Gow Langsford is pleased to present a new body of work by Hugo Koha Lindsay (Te Āti Awa, Ngāti Maru). With a practice that is based in abstraction, Lindsay is interested in how everyday life and its systems are increasingly mediated and structured through abstract processes and language. His paintings are displays of experimental mark-making, layered structures and material interventions such as cutting, sewing and reworking canvases to reveal painting as an ongoing, interdisciplinary process.

This series of work explores language at the point of collapse – where meaning becomes unstable, fragmented and obscured through repetition, labour and acts of physical disruption.

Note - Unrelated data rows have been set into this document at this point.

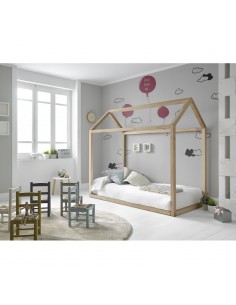 Cama Casita KidHome...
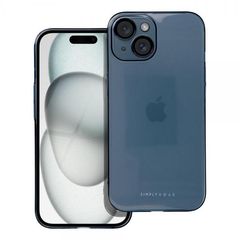 Θήκη κινητού Roar Pure Simple Fit for iPhone 15 Navy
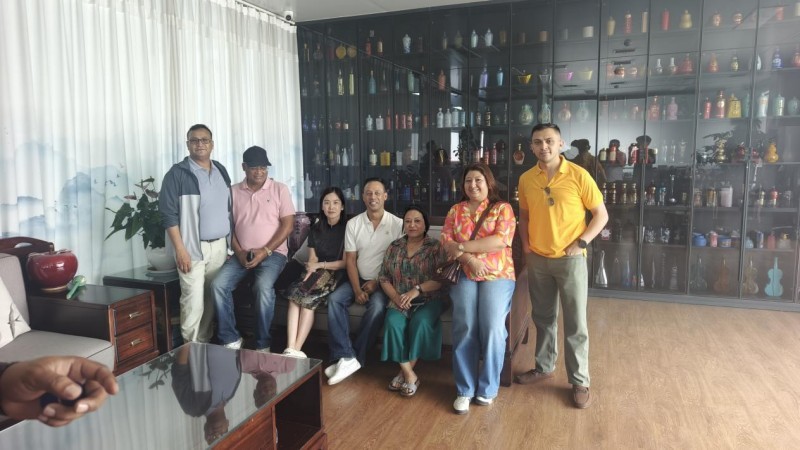 Warm Welcome to Valued Nepal Clients for Factory Visit & In-Depth Cooperation Discussion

Across the surfaces of each canvas, vowel sounds in both English and te reo Māori are repeated endlessly in cursive script, written through the reverse of the canvas so that they appear backwards.

After the surfaces are inscribed, the canvases are cut or torn into measured sections, reordered and sewn back together. These gestures are not acts of repair, but of determined rupture and obfuscation. Sewing operates less as craft than as labour and control; a disciplined act in which language is consciously separated from lucidity, destabilising any potential comprehension.